Exercise
Please output the records below word for word and omit the pictures.

Study material

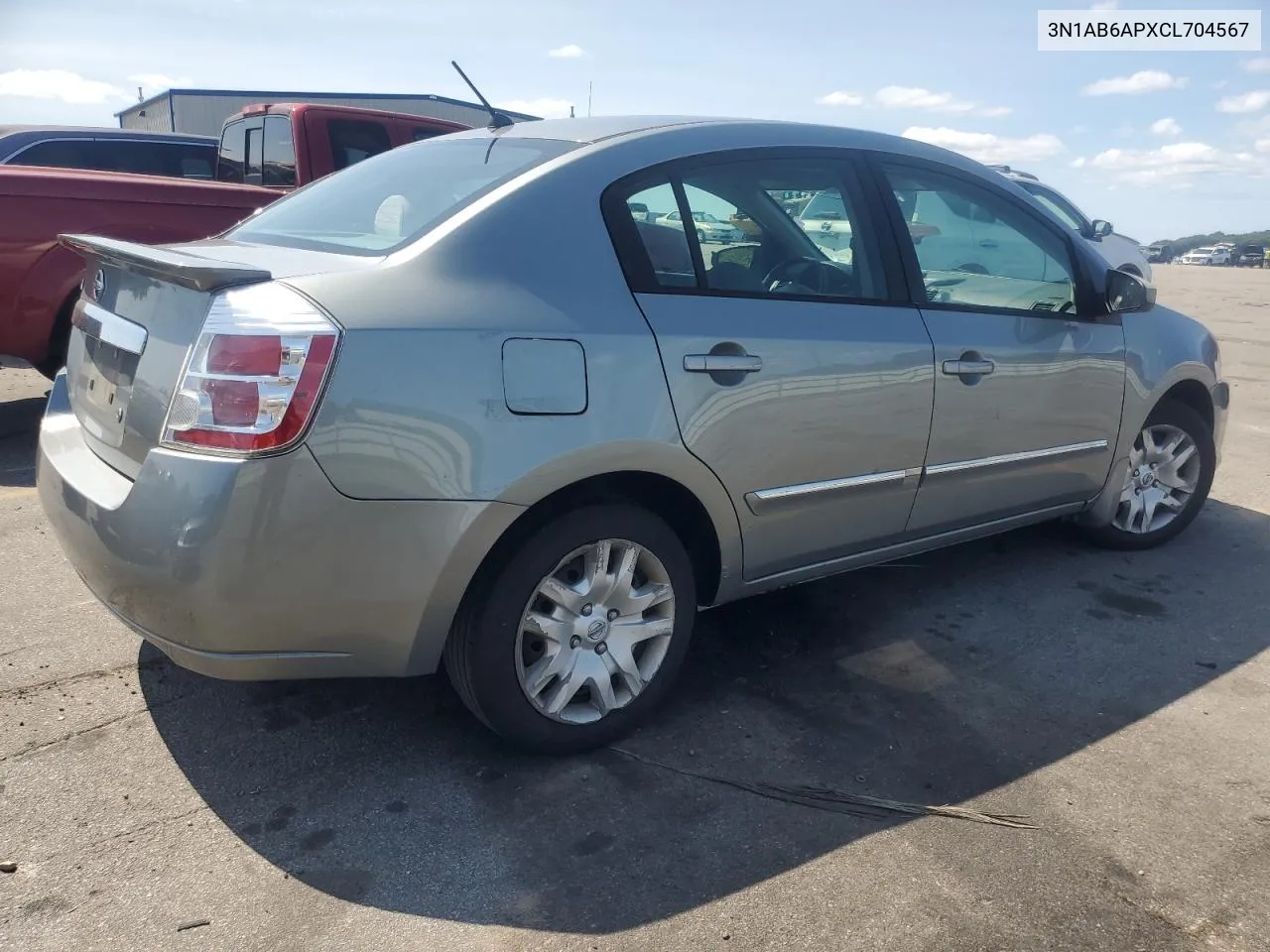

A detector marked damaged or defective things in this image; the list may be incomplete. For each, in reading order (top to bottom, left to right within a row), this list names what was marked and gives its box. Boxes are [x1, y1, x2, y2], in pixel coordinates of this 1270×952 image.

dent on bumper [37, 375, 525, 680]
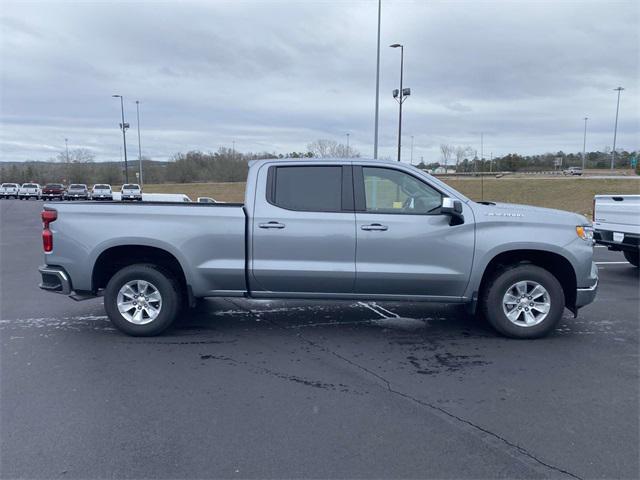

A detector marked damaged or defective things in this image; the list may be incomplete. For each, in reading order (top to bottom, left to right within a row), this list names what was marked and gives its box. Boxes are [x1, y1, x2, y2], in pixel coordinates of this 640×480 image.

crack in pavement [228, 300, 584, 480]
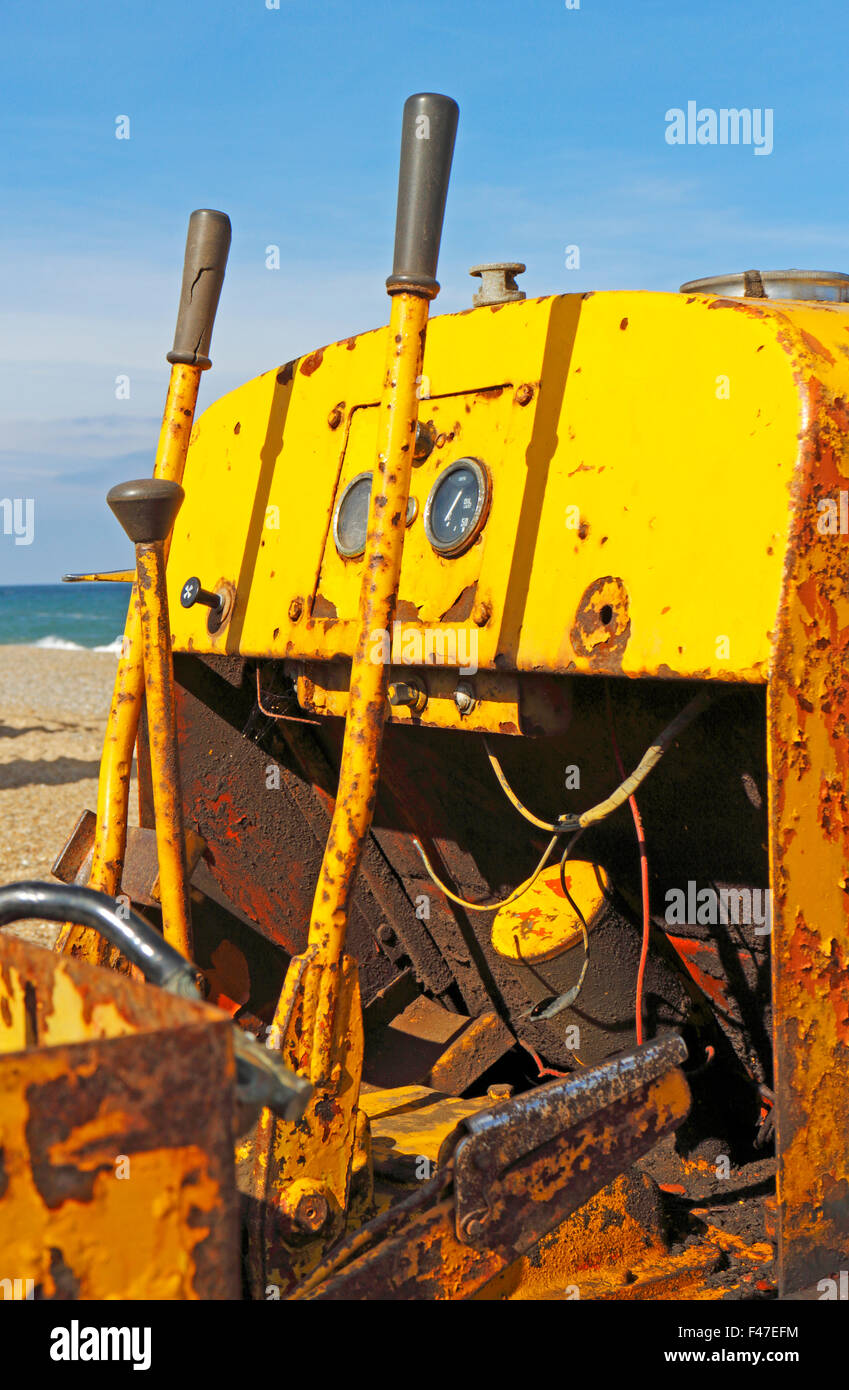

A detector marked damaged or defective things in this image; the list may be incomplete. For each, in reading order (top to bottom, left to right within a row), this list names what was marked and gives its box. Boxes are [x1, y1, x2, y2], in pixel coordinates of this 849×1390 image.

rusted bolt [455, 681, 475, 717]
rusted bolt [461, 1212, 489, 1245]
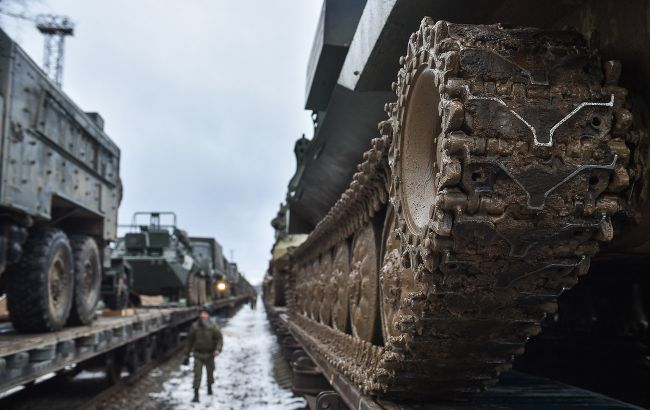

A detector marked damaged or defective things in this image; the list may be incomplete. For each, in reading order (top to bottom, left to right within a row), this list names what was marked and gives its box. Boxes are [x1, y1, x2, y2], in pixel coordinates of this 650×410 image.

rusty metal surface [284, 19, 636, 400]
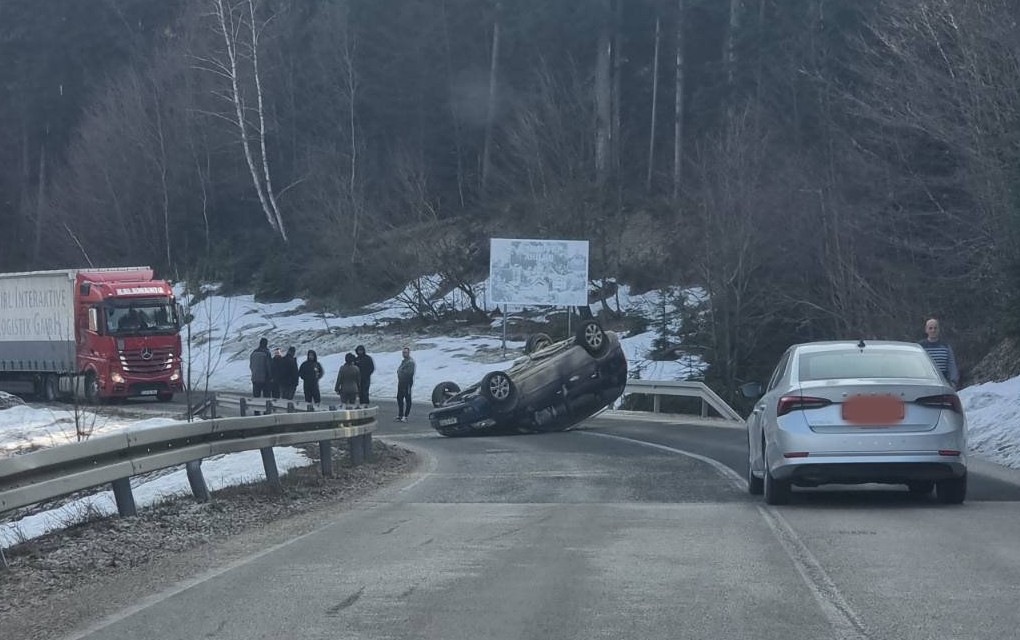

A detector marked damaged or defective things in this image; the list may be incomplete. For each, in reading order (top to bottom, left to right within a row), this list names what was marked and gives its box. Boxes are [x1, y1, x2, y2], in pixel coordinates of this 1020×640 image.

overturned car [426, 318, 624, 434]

Response to this task
A detector marked damaged or defective things in this image; the list may be incomplete. For each, in reading order (top to bottom, left to right within a row), this list names what was marked and gives its box. Boxes are [x1, y1, x2, y2], in pixel coordinates of this 1270×952 image.

dent on bumper [37, 375, 525, 680]

A detector marked damaged or defective things in this image; the list may be incomplete. For each, in reading order (top to bottom, left to right within a row), this list names what was marked and gives its box. Boxes are [x1, y1, x2, y2], in pixel coordinates of this 640×480 image.

crack in pavement [228, 300, 584, 480]

A detector marked damaged or defective things in this image; the list may be incomplete. For each, in reading order (top to bottom, left to right within a row), this list names what was marked and gives its box. Boxes are [x1, y1, x2, y2], in pixel coordinates of this 849×1390 image.

rusted bolt [455, 681, 475, 717]
rusted bolt [461, 1212, 489, 1245]

A detector marked damaged or defective things in this image; the list may be incomplete. For each, in reading order (top to bottom, left to right within a row), this list names what was marked and gives its box. Boxes are [x1, y1, x2, y2], in pixel coordinates of this 650×410 image.

rusty metal surface [284, 19, 636, 400]

A detector marked damaged or defective things in this image; the list may be incomplete. For each, in reading order (top to bottom, left to right within a row), this list names what was marked and gives its box. Boxes are [x1, y1, x2, y2], in pixel coordinates of this 1020×640 image.

overturned car [426, 318, 624, 434]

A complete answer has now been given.